Instruction for the entries below: return the part that opens with the line containing "Ten CSS tricks you may not know" and closes with the line containing "Lot 3 Vintage", exactly, and no pictures.

Data extract:
::::::::

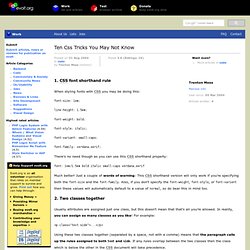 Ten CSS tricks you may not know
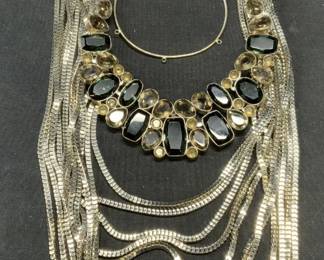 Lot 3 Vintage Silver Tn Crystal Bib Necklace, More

::::::::

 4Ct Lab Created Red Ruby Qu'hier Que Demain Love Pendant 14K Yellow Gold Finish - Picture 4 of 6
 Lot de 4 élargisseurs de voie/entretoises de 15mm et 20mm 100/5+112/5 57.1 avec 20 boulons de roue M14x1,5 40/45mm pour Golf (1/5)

::::::::

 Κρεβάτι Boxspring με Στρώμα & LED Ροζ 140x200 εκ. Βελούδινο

::::::::

Output:
 Ten CSS tricks you may not know
 Lot 3 Vintage Silver Tn Crystal Bib Necklace, More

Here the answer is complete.